→ Assignment: Your answer is the lines below, exactly, from the one that contains "PK MATERIALS RETAIL" through the one that contains "Used 2024 Kia EV6 Light image 9", both included.

→ Dataset:

- - - -

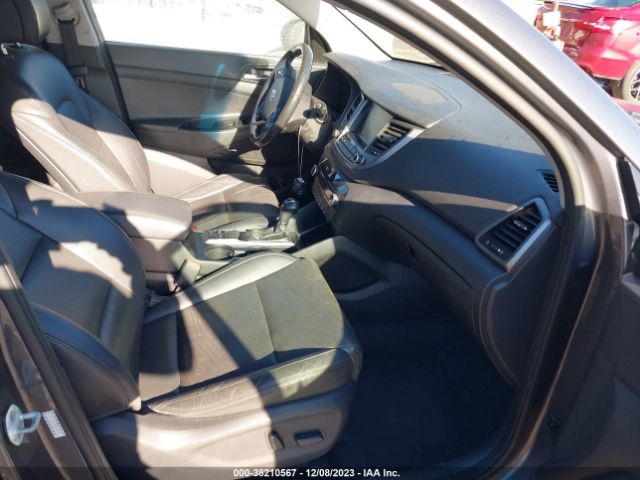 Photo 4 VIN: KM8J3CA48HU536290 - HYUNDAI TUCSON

- - - -

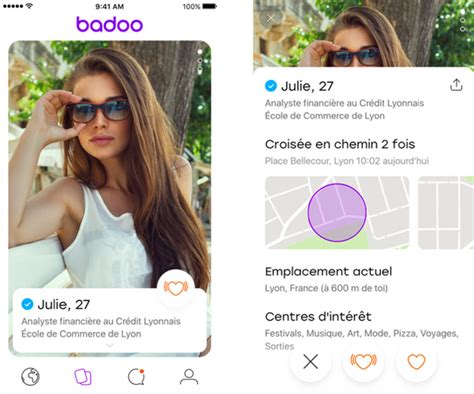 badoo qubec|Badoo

- - - -

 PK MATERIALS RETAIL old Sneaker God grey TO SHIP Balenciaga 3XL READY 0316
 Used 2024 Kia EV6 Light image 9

- - - -

→ Answer to this exercise:
 PK MATERIALS RETAIL old Sneaker God grey TO SHIP Balenciaga 3XL READY 0316
 Used 2024 Kia EV6 Light image 9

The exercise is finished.